Minimizing Human Intervention in Online Classification

arXiv stat.ML / 5/4/2026

💬 OpinionIdeas & Deep AnalysisModels & Research

Key Points

  • The paper studies how to reduce costly human expert calls in LLM-based online classification using an active learning setup with an expert-vs-guessing agent and an oracle benchmark.
  • It shows that when the time horizon T is sufficiently large (at least exponential in the embedding dimension d), the class-region geometry can be learned and a Conservative Hull-based Classifier (CHC) can use convex hulls to decide when to ask for expert labels.
  • CHC achieves O(log^d T) regret and is minimax optimal for the 1D case (d=1), while it argues that reliable geometry learning is not possible in general for other settings.
  • For a more limited regime (subgaussian mixture queries and T ≤ e^d), the authors propose a Center-based Classifier (CC) with regret scaling tied to the number of labels N.
  • To work across regimes, they introduce the Generalized Hull-based Classifier (GHC), a practical CHC extension that uses a tunable parameter to allow more aggressive guessing, and validate it on real-world QA datasets with strong text embedding models.

Abstract

Training or fine-tuning large language model (LLM)-based systems often requires costly human feedback, yet there is limited understanding of how to minimize such intervention while maintaining strong error guarantees.

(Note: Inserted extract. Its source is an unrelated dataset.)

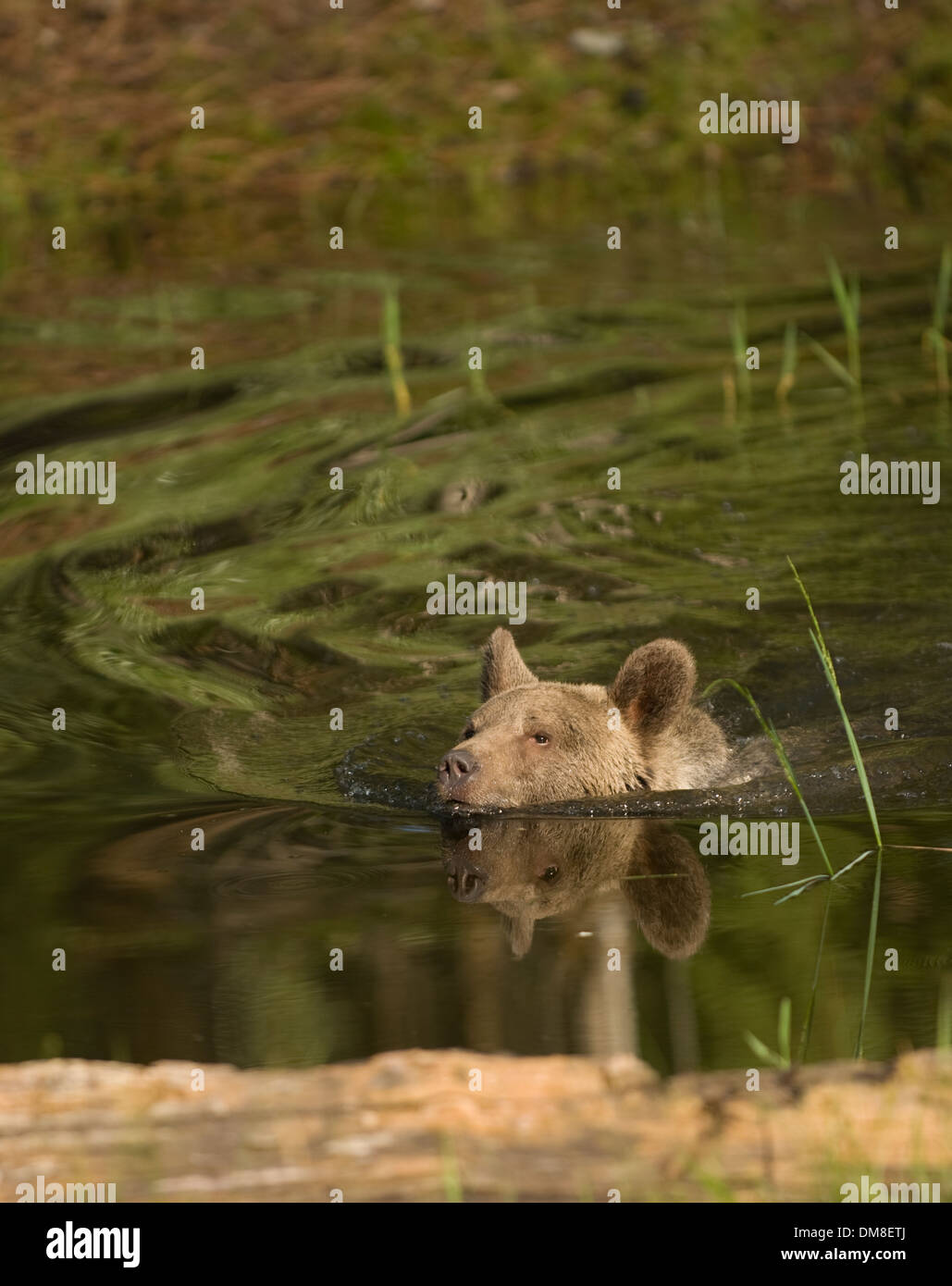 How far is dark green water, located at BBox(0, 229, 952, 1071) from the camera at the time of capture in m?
5.76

We study this problem for LLM-based classification systems in an active learning framework: an agent sequentially labels d-dimensional query embeddings drawn i.i.d. from an unknown distribution by either calling a costly expert or guessing with no feedback, with the goal of minimizing regret relative to an oracle with free expert access. When the horizon T is at least exponential in the embedding dimension d, the geometry of the class regions can be learned. In this regime, we propose the Conservative Hull-based Classifier (CHC), which maintains convex hulls of expert-labeled queries and calls the expert when a query lands outside all known hulls. CHC attains \mathcal{O}(\log^d T) regret in T and is minimax optimal for d=1. Otherwise, the geometry cannot be reliably learned in general. We show that for queries drawn from a subgaussian mixture and T \le e^d, a Center-based Classifier (CC) achieves regret proportional to N\log{N} where N is the number of labels. To bridge these regimes, we introduce the Generalized Hull-based Classifier (GHC), a practical extension of CHC that enables more aggressive guessing via a tunable parameter. Our approach is validated on real-world question-answering datasets using state-of-the-art text embedding models.